Heftige Krawalle und Angriffe auf Einsatzkräfte an Silvester
Zuletzt zu erleben war das in und nach der Silvesternacht. Rund um den Jahreswechsel kam es in dem Multikulti-Bezirk im Südosten der Hauptstadt zu heftigen Krawallen und tätlichen Angriffen gegen Polizisten und Feuerwehrleute – viele davon nach übereinstimmenden Schilderungen der Einsatzkräfte und belegt durch Videos begangen von jungen Männern mit Migrationshintergrund. Die Exzesse, zu deren Symbol ein ausgebrannter Bus in der Neuköllner High-Deck-Siedlung wurde, lösten eine hitzige politische Debatte aus, bei der sich vor allem die in Berlin und im Bund oppositionelle CDU mit markigen Sprüchen ("kleine Paschas") und einer umstrittenen Anfrage zu den Vornamen der Täter hervortat.
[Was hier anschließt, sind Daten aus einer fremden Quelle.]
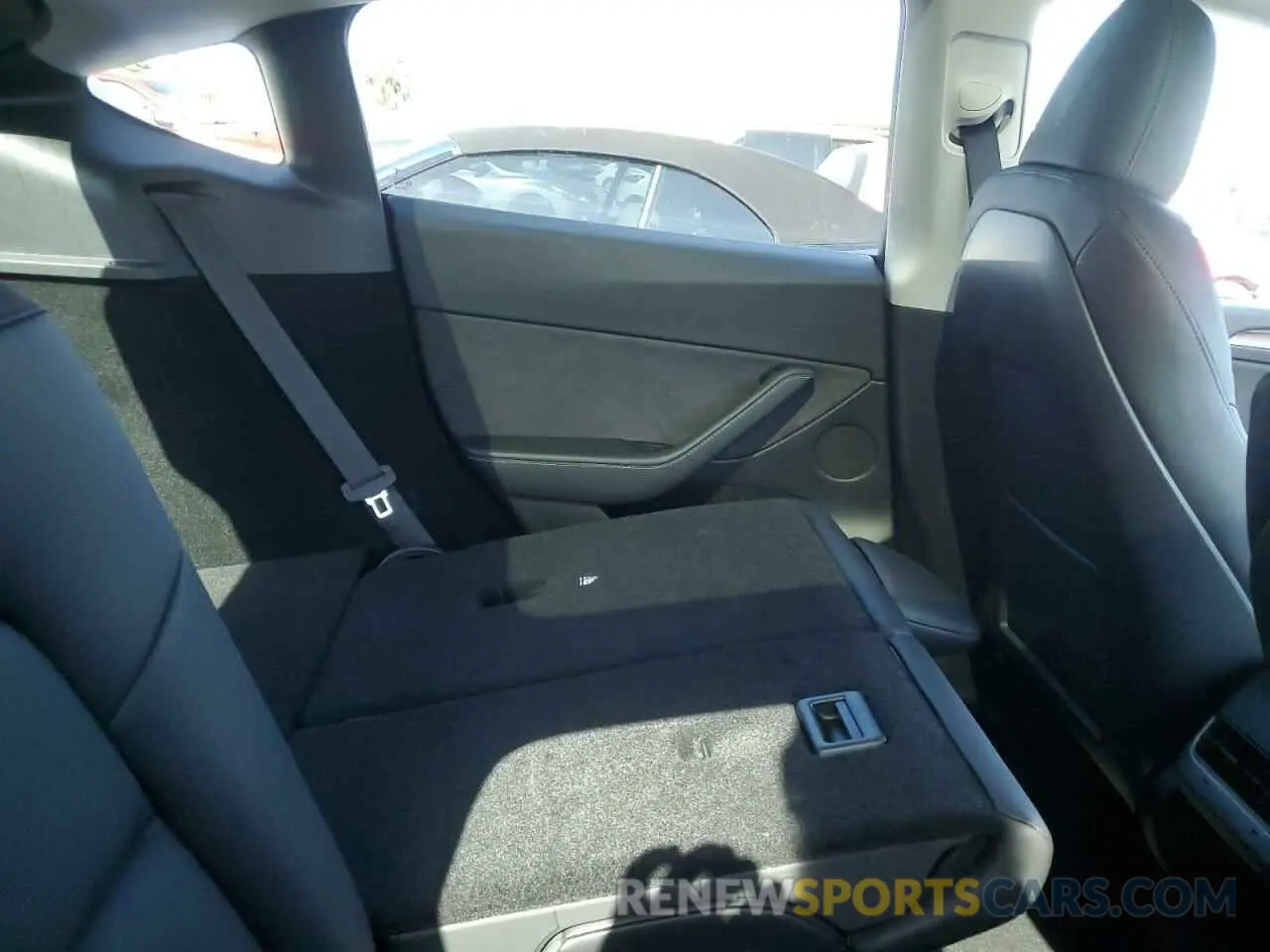 11 Photograph of a damaged car 7SAYGDED3RF131376 TESLA MODEL Y 2024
Pater Karl Hermann Lenz hat die Diskussionen verfolgt und kann auch gut drei Wochen nach der großen Aufregung über manche Äußerungen nur den Kopf schütteln: "Vieles in der Debatte wurde total aufgebauscht. Bei den Äußerungen mancher Politiker merkte man, dass da Leute ein Urteil sprachen, die wohl eher selten in Neukölln sind und die Situation nicht persönlich kennen." Zu behaupten, dass Neukölln vor allem ein Ort der Probleme und der Parallelgesellschaften sei, entspreche nicht der Realität, so der Geistliche.
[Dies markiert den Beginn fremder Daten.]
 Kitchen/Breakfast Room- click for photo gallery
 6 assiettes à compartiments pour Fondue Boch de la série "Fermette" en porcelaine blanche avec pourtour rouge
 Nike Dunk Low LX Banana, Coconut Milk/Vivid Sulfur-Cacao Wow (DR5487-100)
Lenz muss es wissen. Immerhin lebt der Pallottinerpater, den hier fast alle nur Kalle nennen, schon seit 30 Jahren in Neukölln. 1993 kam der gebürtige Kasselaner mit einer kleinen Gruppe seiner Gemeinschaft in den Bezirk, um ein soziales Projekt zu initiieren. "Wir nannten das 'Kirche im sozialen Brennpunkt'. Unser Ziel war es, uns in einer großstädtischen Kirchengemeinde sozial zu engagieren", erzählt der 64-Jährige beim Besuch von katholisch.de. Nachdem sie sich zunächst in Hamburg nach einer passenden Gemeinde umgesehen hätten, seien sie schließlich in Neukölln gelandet – genauer gesagt in der Pfarrei St. Christophorus im Reuterkiez. "Neukölln war damals noch total unbekannt und weit davon entfernt, der berühmt-berüchtigte Bezirk zu sein, der er heute ist. Damals redeten eigentlich alle nur von Kreuzberg", erinnert sich der Geistliche.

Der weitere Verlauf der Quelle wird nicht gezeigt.